Image of NHS employee browsing the internet.


A member of IT staff was suspected of misusing a trust's computer to access unsuitable websites, downloading pornography and using chat rooms during work hours. The person concerned was suspected of bypassing the proxy server, so that the trust could not see the sites he had accessed. All of these activities were forbidden under the terms of the trust's acceptable use policy.

The member of staff was responsible for monitoring the logs of Internet activity for all users and, as an 'administrator', he had the privileges to install any software.


The Forensic Computing Unit (FCU) was called in, with the following objectives:

  1. Perform a 'preview' service to determine whether there was sufficient evidence to launch a full forensic computing investigation.
  2. If evidence was found to support the allegations, to make a forensic copy of the hard drive and return it to the laboratory for analysis.
  3. To recover Internet history and identify any usage that would be deemed inappropriate by the trust's acceptable use policy.
  4. To establish whether 'webmail' had been used.
  5. To establish whether any instant chat programs had been installed. Investigation


A preview was conducted in the laboratory. The Forensic Computing Specialist removed the hard drive and connected it to a forensic workstation using a write blocker. This allowed the analyst to view the contents in a forensically sound manner. No alterations were made to the hard drive, which ensured that the evidence was preserved. During the preview, a number of pornographic images were quickly identified, which substantiated the accusation and allowed the investigator to justify a full investigation.

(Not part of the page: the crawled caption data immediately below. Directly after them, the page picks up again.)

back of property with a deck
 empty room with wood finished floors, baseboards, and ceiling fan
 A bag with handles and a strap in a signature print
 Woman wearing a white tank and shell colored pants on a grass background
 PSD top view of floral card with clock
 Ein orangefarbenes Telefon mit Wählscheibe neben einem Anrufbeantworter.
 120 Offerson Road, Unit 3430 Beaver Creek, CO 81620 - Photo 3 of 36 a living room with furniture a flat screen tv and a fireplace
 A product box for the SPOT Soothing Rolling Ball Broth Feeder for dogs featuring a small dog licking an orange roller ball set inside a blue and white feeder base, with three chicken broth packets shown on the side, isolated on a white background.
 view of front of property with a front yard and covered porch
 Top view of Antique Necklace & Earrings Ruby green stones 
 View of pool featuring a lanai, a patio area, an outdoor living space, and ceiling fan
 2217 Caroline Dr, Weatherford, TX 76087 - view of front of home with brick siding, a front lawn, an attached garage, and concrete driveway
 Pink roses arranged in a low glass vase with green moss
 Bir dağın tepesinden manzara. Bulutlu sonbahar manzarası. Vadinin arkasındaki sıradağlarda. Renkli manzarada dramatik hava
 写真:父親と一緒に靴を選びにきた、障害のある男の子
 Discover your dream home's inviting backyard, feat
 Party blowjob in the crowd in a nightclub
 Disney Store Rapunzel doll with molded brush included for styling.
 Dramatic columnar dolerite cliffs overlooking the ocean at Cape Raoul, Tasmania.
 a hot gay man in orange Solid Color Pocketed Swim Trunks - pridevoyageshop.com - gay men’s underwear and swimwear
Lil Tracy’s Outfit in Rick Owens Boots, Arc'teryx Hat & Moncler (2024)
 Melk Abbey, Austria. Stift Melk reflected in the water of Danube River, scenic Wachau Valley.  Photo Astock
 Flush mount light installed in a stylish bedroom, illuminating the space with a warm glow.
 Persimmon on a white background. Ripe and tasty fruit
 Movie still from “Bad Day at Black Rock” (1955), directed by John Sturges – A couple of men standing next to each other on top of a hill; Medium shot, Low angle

A forensic copy of the hard drive was then taken, and the original hard drive was replaced in the machine.

A thorough Internet analysis was conducted, with the following results:

  1. A number of pornographic images were identified in the user's 'temporary Internet files' folder. These images had been downloaded as a result of Internet browsing.
  2. A number of pornographic website addresses were recovered from the user's Internet 'History' folder, showing repeated and prolonged browsing of pornographic web pages.
  3. Several 'Google' search results web pages were recovered, showing that the user had intentionally searched for that type of material.
  4. The dates and times that the user was browsing the sites was identified, which showed that all the activity had taken place during the user's lunch break. However, the company's acceptable use policy specifically prohibited viewing this material at all times.
  5. A number of 'Hotmail' web pages were recovered, clearly showing that the user used webmail to communicate with family and friends. While no evidence was found to suggest that files were being sent via the webmail program, the company's acceptable use policy specifically prohibited using webmail for any purpose.

The 'Program Files' folder was examined and found to contain a number of installed instant chat programs. Further examination of the programs showed that they contained address books and profile information which indicated that they were regularly used and updated. A number of 'chat logs' had been saved to the hard drive, which supported this. The 'last accessed' date and time revealed that the program had been used that day.

A full report outlining the findings of the investigation was generated by the forensic officer and presented to the investigator.


Based on the evidence provided by the FCU, the employee was dismissed, and decided not to appeal.